The kids had never seen anything like it.  And watched her shuffle away down the sidewalk...

“She is scavenging,” I said, “when you don’t have anything, you look anywhere for what you need.  It's a really hard life.”

“Your life doesn’t have to be like that,” Ben said.  “Right,” I responded, “because you are in control of what happens to you, life doesn’t control you.”

We sat there for a few moments, letting the experience sink in.  Whoa, I thought, where are we right now???

After a while, Ben and Ian headed into the restaurant to use the bathroom.  While Rowan and I sat on the bench, the two bikini girls come walking over, and one of them plops down right next to Rowan.  Like, right down next to her!!!!  Let me note here that these girls don’t carry any of the same hard-life energy that the homeless woman did.  They are young and beautiful, in their bikinis, have clearly been drinking, and are both smoking cigarettes.  And now one of them is right next to Rowan.

“I just need to sit down,” she says.

“Oh honey, “ I start, “you can’t sit right there and smoke a cigarette.  This is a child, you are too close.”  I have a kind voice and a smile on my face.

Bikini girl jumps right up and sticks out her hand with the cigarette in it, and asks Rowan what her name is.

“No, no, no,” I say, continuing with a big smile, “that cigarette is too close to my daughter, step away sweetie.”

The girl moves back, looks at me, takes a big drag off her smoke and says, “You know, I  have a 
lot of friends with kids, and I just want to tell you that I really respect the way you are handling this.”

Seriously, she said that.

I start laughing and ask the girls how old they are.

“Twenty-two,” they tell me.  Oh, how little you know about life at 22, and yet, you think you know it all…  I remember twenty two and the poor decisions I made.  I didn't need to be angry with these girls, I had compassion for them.  And, I thought, who knows what a little mutual respect might do for them?

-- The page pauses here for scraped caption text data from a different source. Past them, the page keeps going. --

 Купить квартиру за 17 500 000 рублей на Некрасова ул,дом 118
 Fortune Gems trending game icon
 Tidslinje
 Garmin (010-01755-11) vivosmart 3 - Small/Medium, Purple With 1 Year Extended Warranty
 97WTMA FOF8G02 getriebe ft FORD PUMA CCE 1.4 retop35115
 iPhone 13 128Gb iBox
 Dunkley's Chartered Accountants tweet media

Right at this moment, a tall, skinny, older homeless man walks over , “Hey ladies,” he slurs and starts to mimick the beats of a hip hop song, all the while doing his own little bump and grind dance at the girls.

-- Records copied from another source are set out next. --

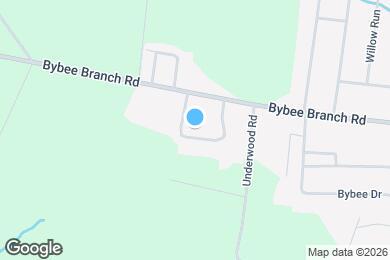 Map image of the property - 137 Dogwood Pointe Dr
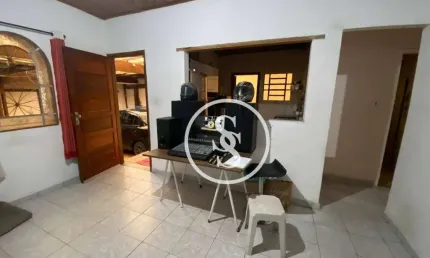 Casa com 2 dormitórios à venda, 144 m² por R$ 530.000,00 - Jordanópolis - São Bernardo do Campo/SP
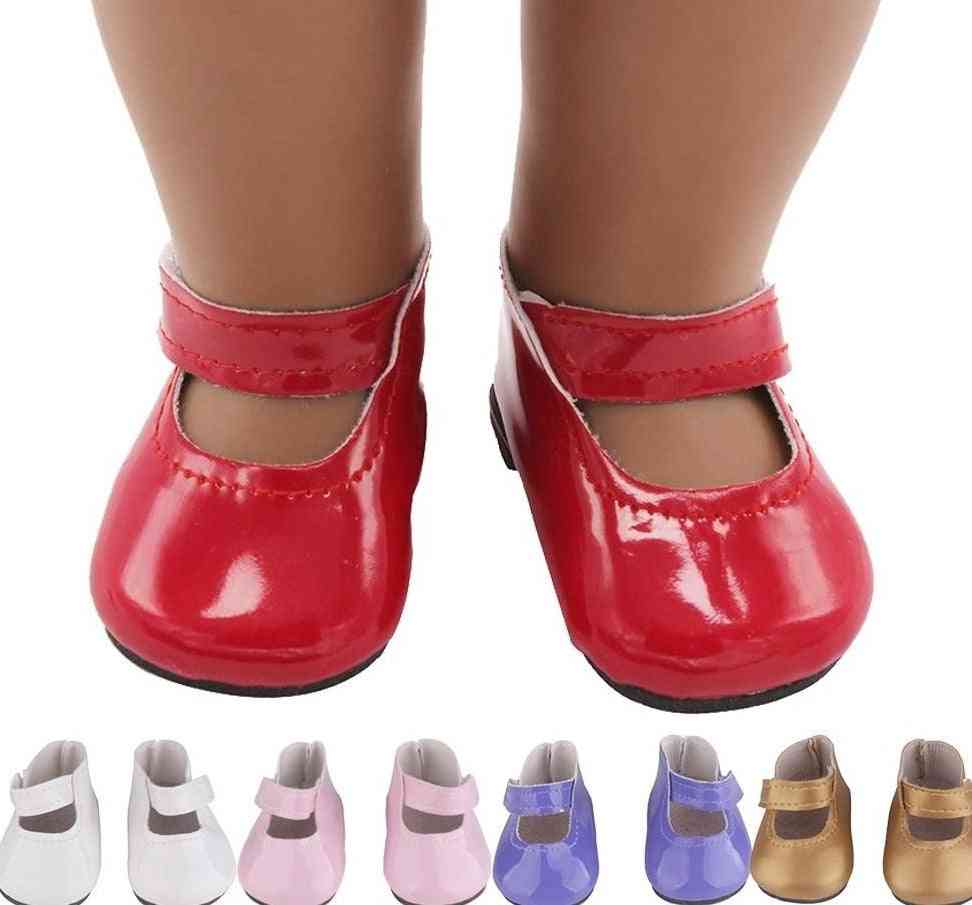 Doll Shoes Action Figure Accessories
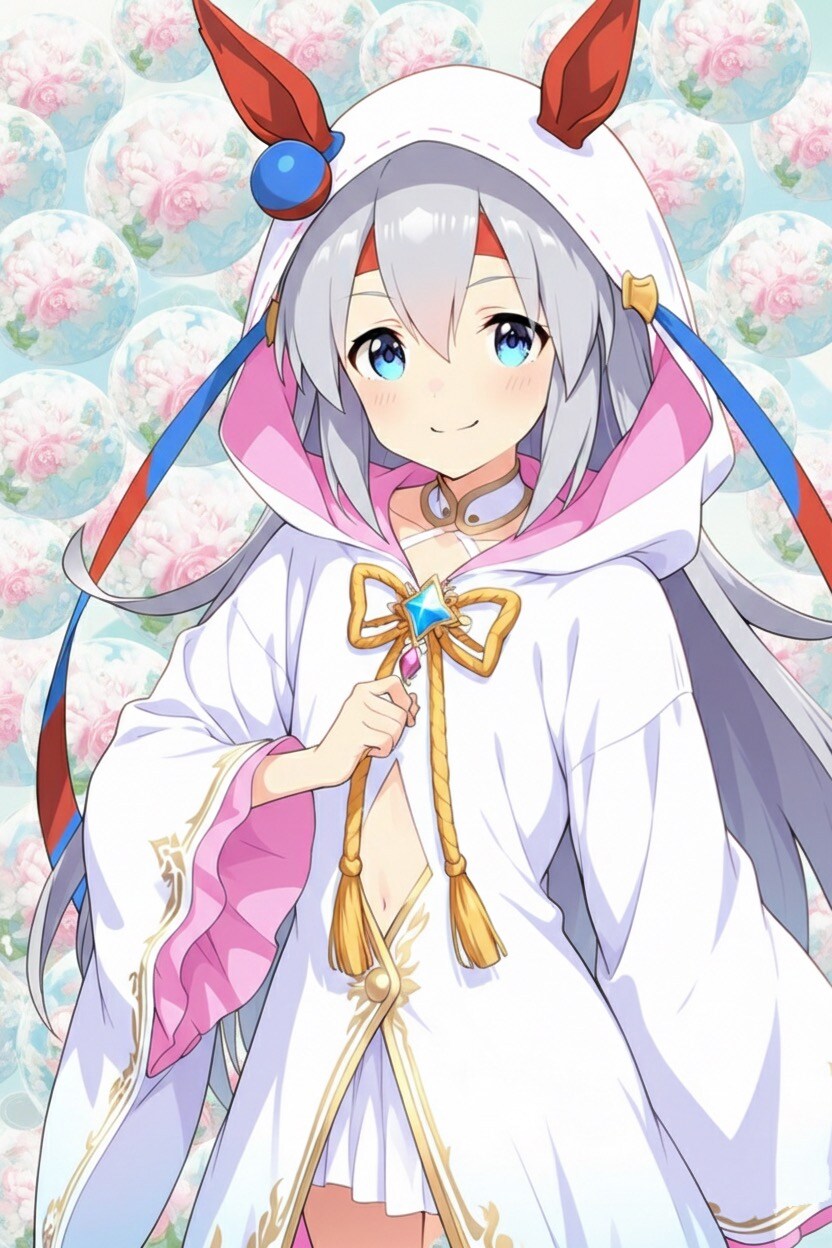 球の魔術師　タマーリン | の人気AIイラスト・グラビア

Oh my god, I’m thinking, is this really happening right now?

The girls respond with squeals of dismay, “Ew,” they say, “you can’t say that to us…  We’re going to call the cops if you don’t stop!!!”

“Wait a minute,” I interject, still with a kind voice and a genuine smile, “you girls are on a street corner in string bikinis – what behavior might you be inviting?”

Before they answered, a miracle occurred.  The restaurant beeper went off.

Halleluja, I thought, as I headed into the restaurant with my arm held tight around Rowan.

As I reflected on the CRAZINESS I had just witnessed with  my sweet, sheltered, nine year old daughter I couldn’t help but think of how glad I was that it happened.  I want my kids to know that I can handle whatever moments life presents to me.  I showed no panic, no fear, no “us and them” mentality.  I looked at that homeless woman, didn't turn away, get weird, and act as though she didn't exist.  I treated those young women with dignity and respect, because that is what every human deserves, regardless of what I thought about their behavior.  I wasn't confrontational or judgmental.  I protected my child and made her feel safe in a new and unknown situation.  Life exists beyond the bubble we raise our children in.  To let them get a glimpse of it, I believe, is a really important learning opportunity.

When Rowan retold the story to my mom, she spoke about my actions with a sense of pride and respect.  I'm sure this situation will continue to inspire many a conversation between my daughter and me...  As she grows, I hope she remembers this story and know that I can handle anything she needs to come to me with...  Because if our kids don't think we can deal with their stuff, we are in big trouble!!!